Data segment below:

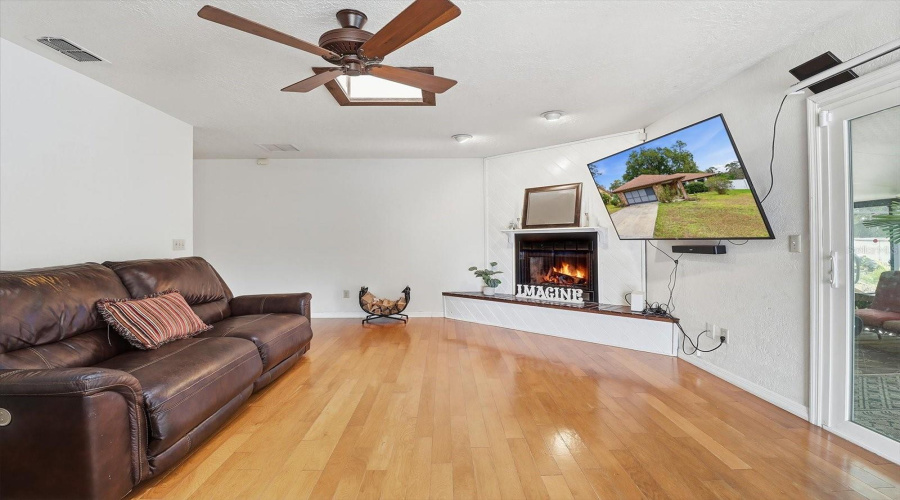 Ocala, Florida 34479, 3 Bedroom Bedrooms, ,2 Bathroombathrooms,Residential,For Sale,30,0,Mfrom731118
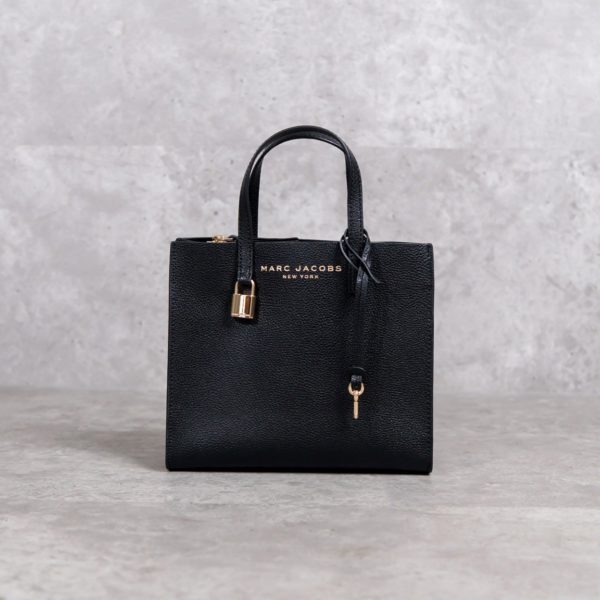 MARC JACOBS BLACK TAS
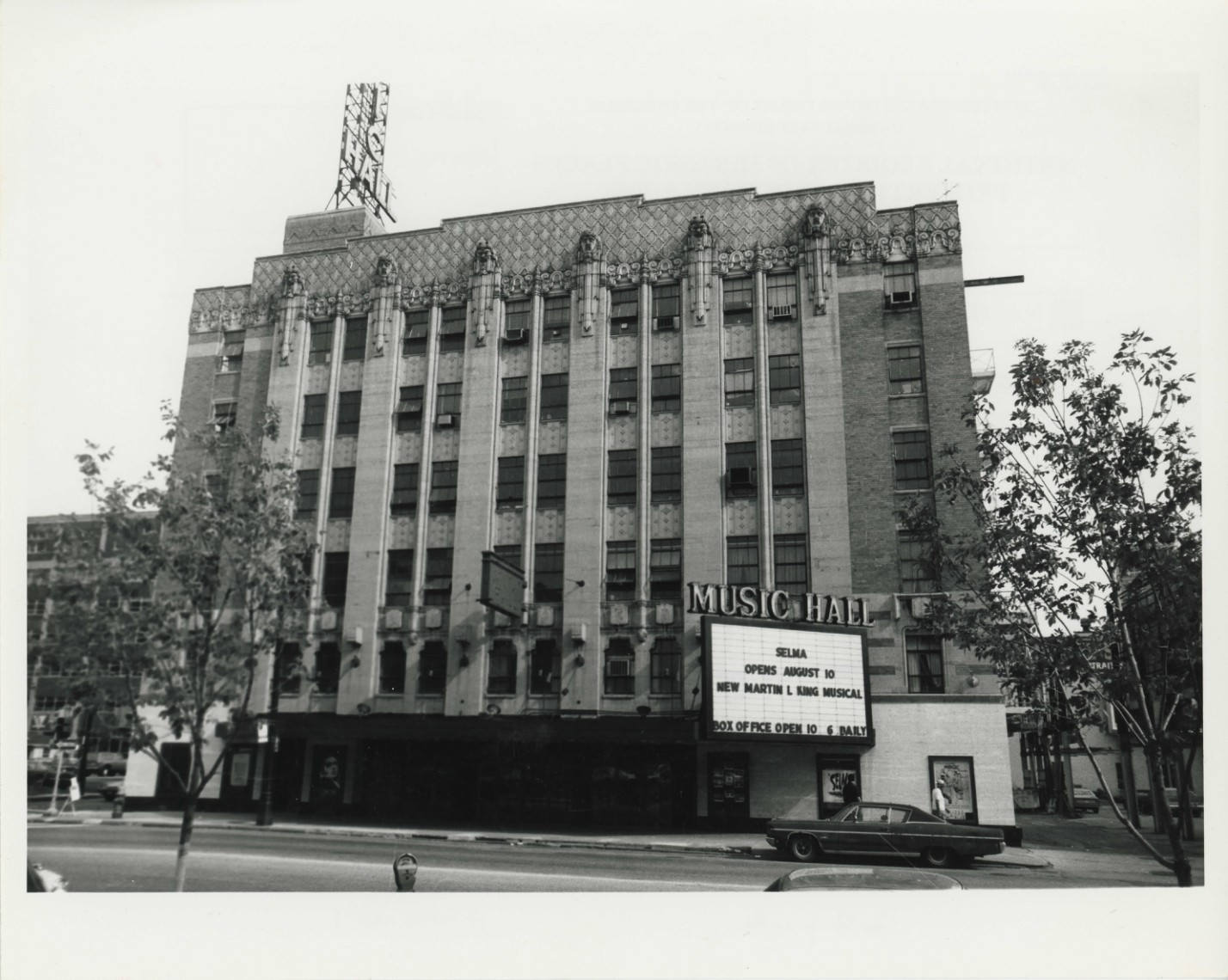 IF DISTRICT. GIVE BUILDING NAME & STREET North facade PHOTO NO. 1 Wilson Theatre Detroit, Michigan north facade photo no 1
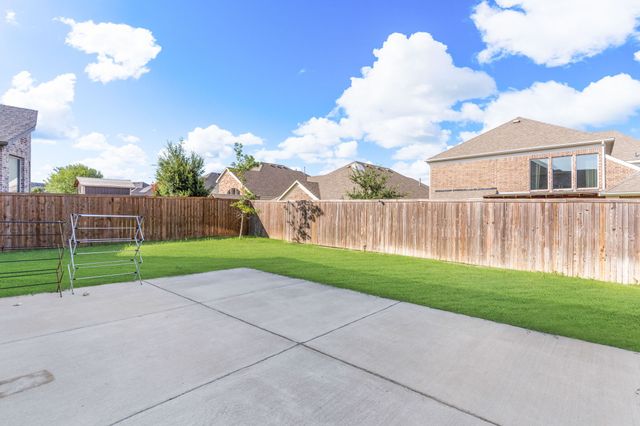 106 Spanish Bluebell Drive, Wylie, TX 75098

End of Data segment.

■ Aim of the task
Pictures aside, reproduce exactly the lines from the one containing "MARC JACOBS BLACK TAS" to the end of the listing above, both ends included.

■ Response to this task
 MARC JACOBS BLACK TAS
 IF DISTRICT. GIVE BUILDING NAME & STREET North facade PHOTO NO. 1 Wilson Theatre Detroit, Michigan north facade photo no 1
 106 Spanish Bluebell Drive, Wylie, TX 75098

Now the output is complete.